HD could get some help from leverage on depreciation and amortization because it has not made any major acquisitions or increases to the store base.
A partial offset to earnings is that interest expense is likely to rise.
FINANCIAL STRENGTH & DIVIDEND
Before HD suspended its repurchase plan in March of 2020 because of the COVID-19 epidemic, management planned to repurchase at least $5 billion of shares in FY21 under a $15 billion plan authorized in February of 2019. The remaining capacity is about $7.7 billion. HD has repurchased over $80 billion of its stock since 2002.
In March of calendar 2020, HD expanded the capacity of its commercial paper program to $6 billion from $3 billon. HD also entered into an additional 365-day $3.5 billion credit facility, which raised revolver capacity to $6.5 billion, which is more than enough to back up the commercial paper program.
There is no change in our assessment of financial strength because we always went through the footnotes and included operating leases in our assessment of fixed charges. This shifts our focus to debt coverage from measures like debt-to-equity and debt-to-capital. HD could be at risk if EBITDA declined considerably.
FY18 dividends totaled $3.56 per share. In the 4Q18 release, management raised the dividend by almost 16% to $1.03 per quarter. FY19 dividends totaled $4.12 per share.
MANAGEMENT & RISKS
Carol Tome, the company’s outstanding CFO, retired in August of 2019 after 18 years as the finance chief. She retired as one of the longest-tenured CFOs in the S&P 500. She was lured out of retirement and will become the CEO of UPS, the big package delivery company that is known for its brown trucks rather than its orange aprons. Richard McPhail became CFO in September 2019.
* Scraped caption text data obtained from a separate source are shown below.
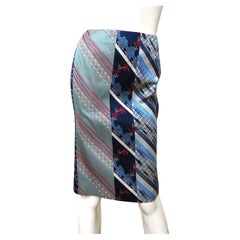 Alexander McQueen Multi Print Blue Silk Pencil Skirt SS 2005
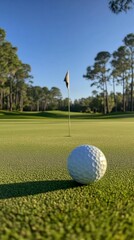 Fototapeta premium close-up of golf ball at course green background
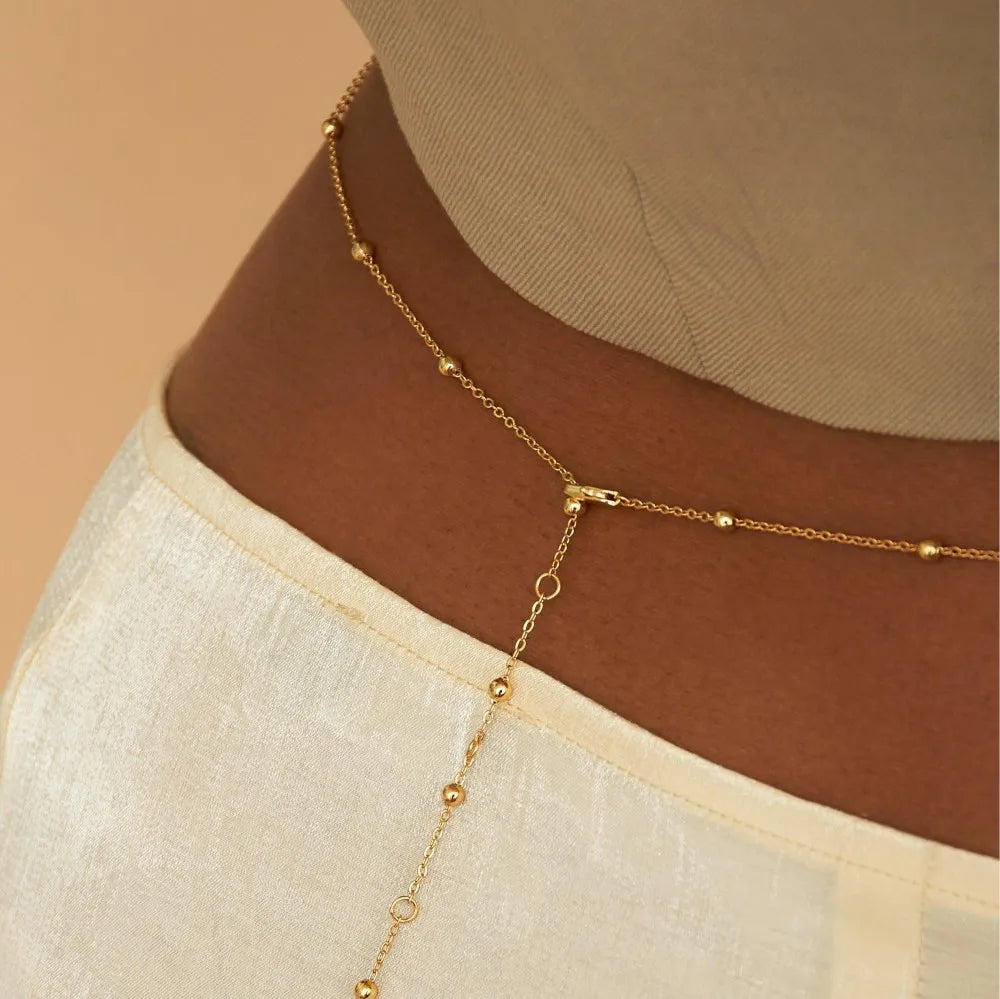 🔥 GoldenGlow™ - Cadena Corporal Ajustable con Perlas Brillantes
Based on our recent experience, HD is doing a better job executing its business plan. Lowe’s hired Marvin Ellison as CEO. Mr. Ellison was head of U.S. Stores at HD before he left to become CEO of J.C. Penney. We believe he has the expertise to improve margins at Lowe’s.
We think HD has significantly improved service levels.
However, at 2.2%, HD‘s dividend yield is substantially higher than the 0.85% yield on the 10-year Treasury note and, in our opinion, worth considering.
On November 18 at midday, BUY-rated HD traded at $273.63, up $1.16.